Formal Grammar for the TEI-Interchange-Format Subset of SGML

This grammar is intended to help make SGML more comprehensible for formal manipulation. For this reason, a number of simplifications have been undertaken, which are described below in section . These simplifications may cause this grammar to accept some documents not accepted by the official grammar. As far as is known, however, the grammar provided here will recognize any valid SGML document in the TEI Interchange Format.

For ease in relating this grammar to the formal grammar defined in ISO 8879, comments for each group here give the numbers of the related productions in that grammar. Where the changes to SGML syntax suggested by the SGML working group in its document ISO/IEC JTC1 / SC18 / WG8 / N1035 would affect the productions here, that fact is noted after the affected production.

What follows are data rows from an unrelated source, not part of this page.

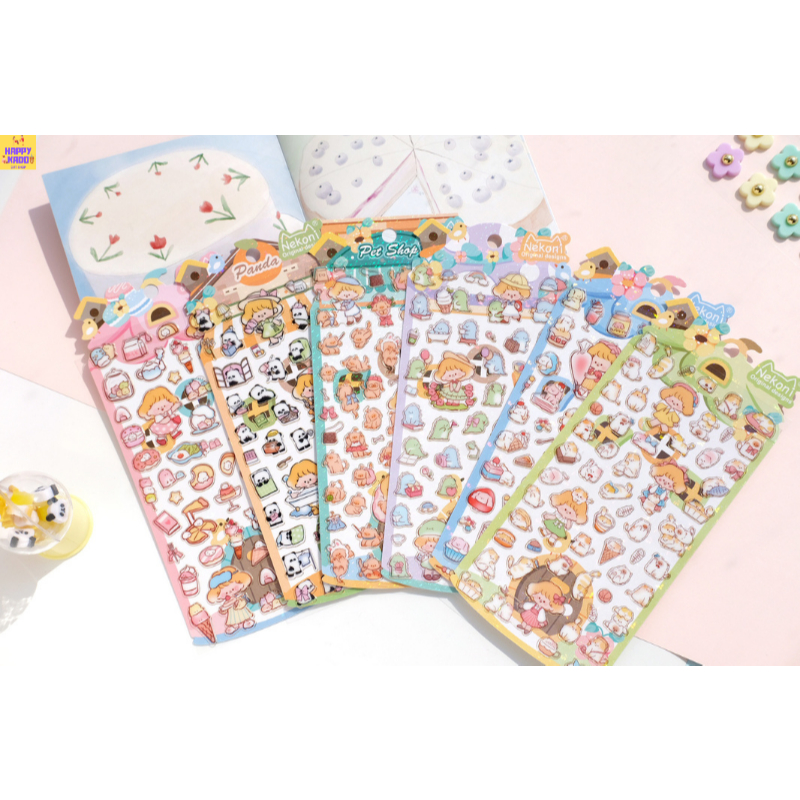 

Nekoni Puff and Kawaii Animal Dinosaur Panda Bunny Cat Stickers Theme isi 1 lembar stiker cantik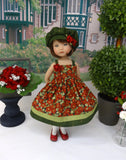 Flowering Quince - dress, hat, tights & shoes for Little Darling Doll or 33cm BJD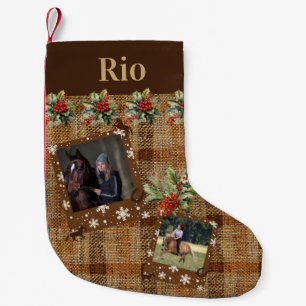 Rustic Faux Burlap Twee Foto Naam Paard Kleine Kerstsok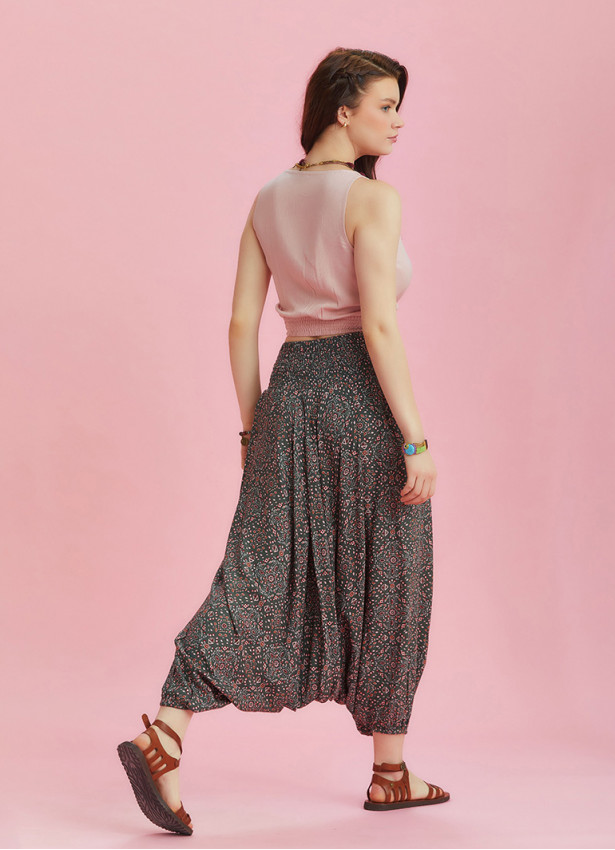 Draped Front Detail Elastic Waist Antique Print Salwar Pants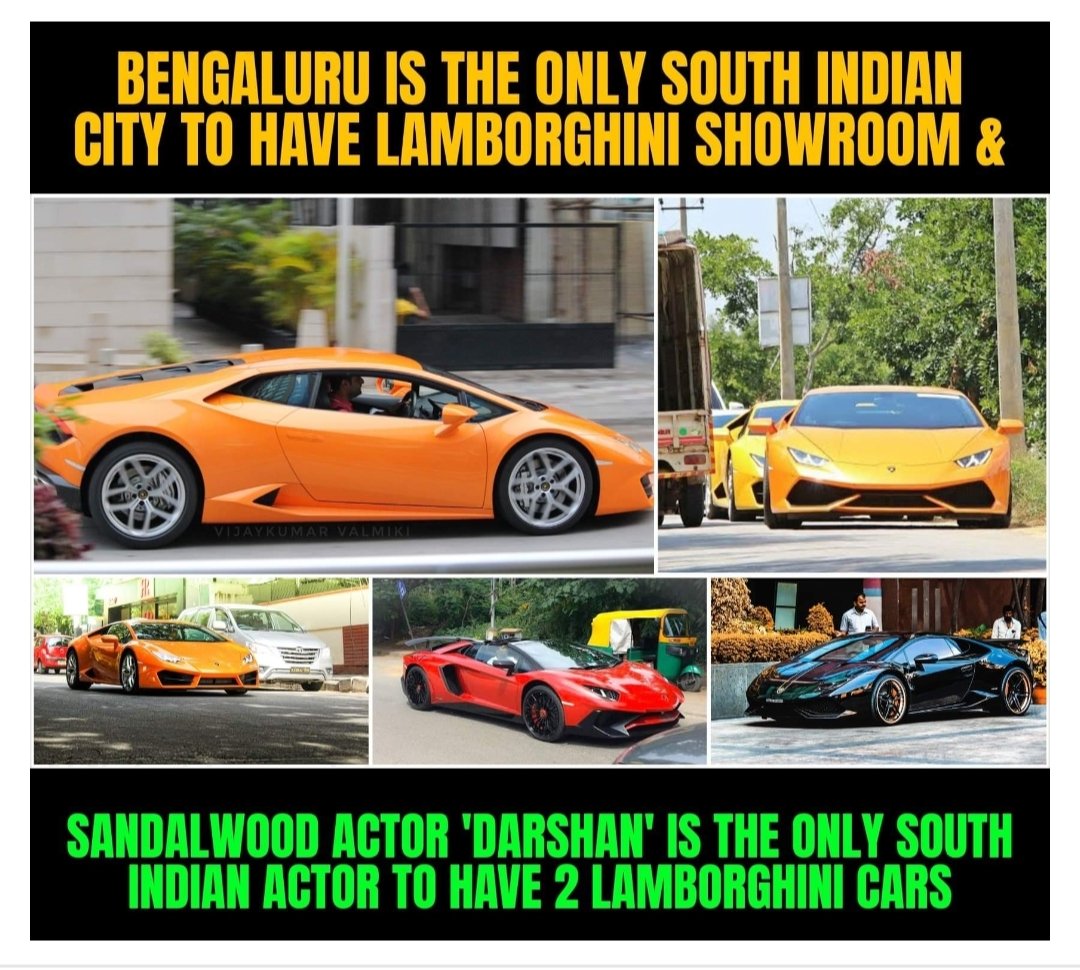 ನಮ್ಮ ಬೆಂಗಳೂರು 
ನಮ್ಮ ಡಿ ಬಾಸ್ 
ನಮ್ಮ ಹೆಮ್ಮೆ...❤️‍🔥

@dasadarshan 🐘👑
@Lamborghini

#DBoss #Darshan #Bangalore #Bengaluru #BossOfSandalwood #Lamborghini #Supercars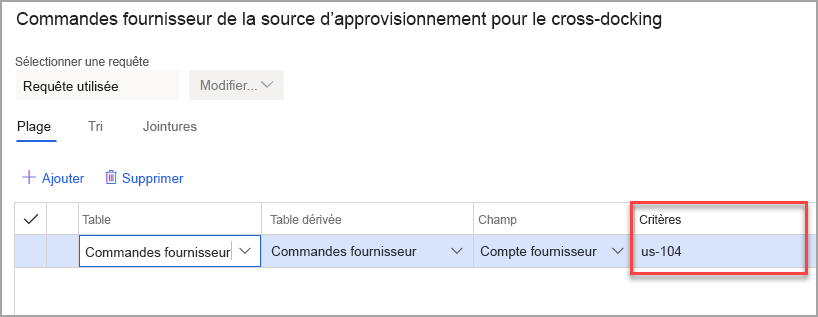 Capture d’écran de la page Commandes fournisseur avec source d’approvisionnement de type cross-docking.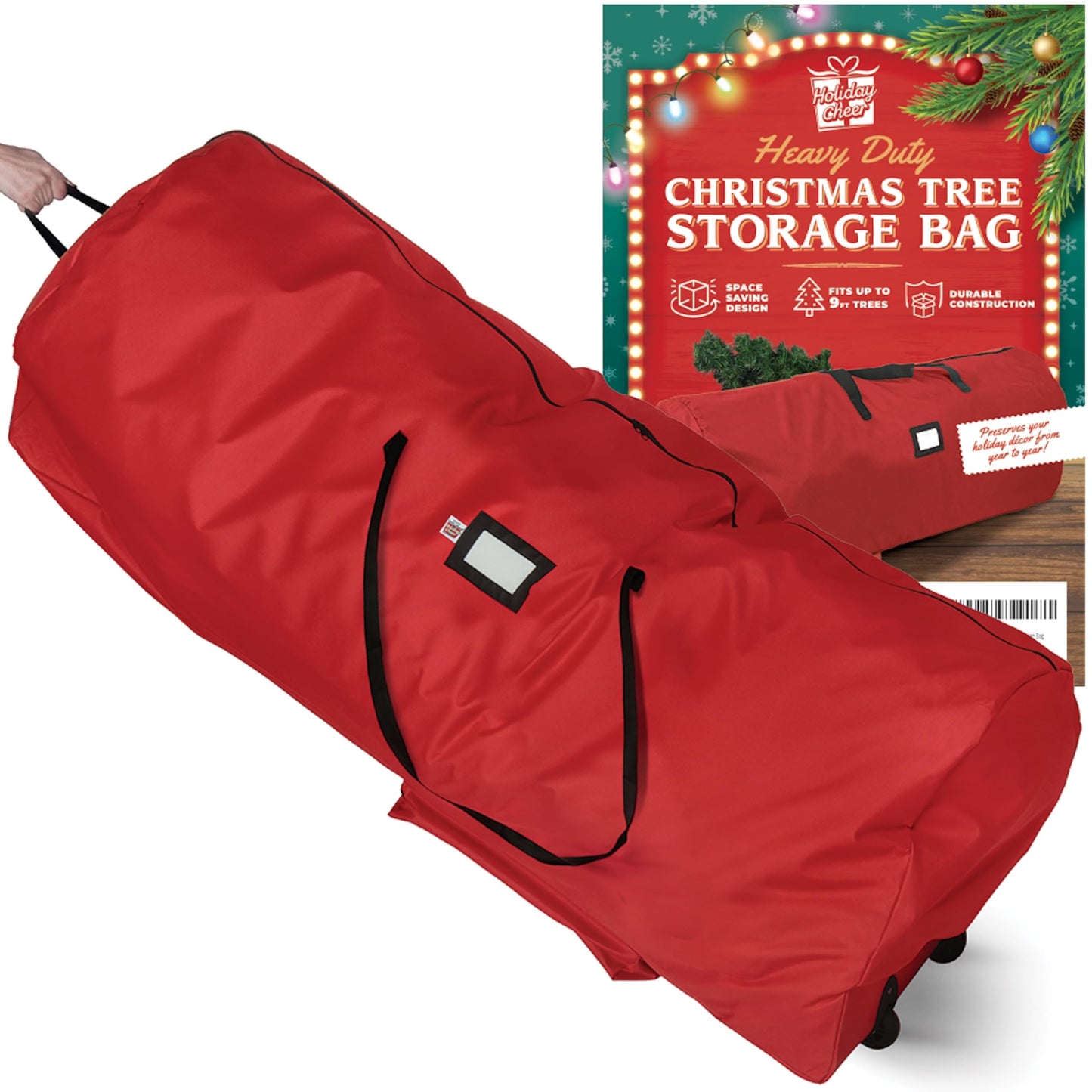 Holiday Cheer Christmas Tree Storage Bag with Wheels – Heavy Duty Christmas Tree Bag Fits Up to 9ft Tall Artificial Christmas Tree, Waterproof, Durable Handles & Zipper – Xmas Tree Storage Bag (Red)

Each sub-grammar given here has been checked for ambiguity with bison, a public-domain workalike for yacc, and flex, a public-domain workalike for lex. The bison and flex source files, including the simple modifications needed to implement the recognition-mode stack, are available from the TEI.

The SGML declaration grammar and the DTD grammar have no ambiguities. The document grammar has several ambiguities, which are discussed in section . Notation

The notation used here is based on notations commonly used in writing context-free grammars. All non-terminals are written as single tokens. All non-quoted strings are non-terminals. All terminals are quoted. Grammar for SGML Document (Overview)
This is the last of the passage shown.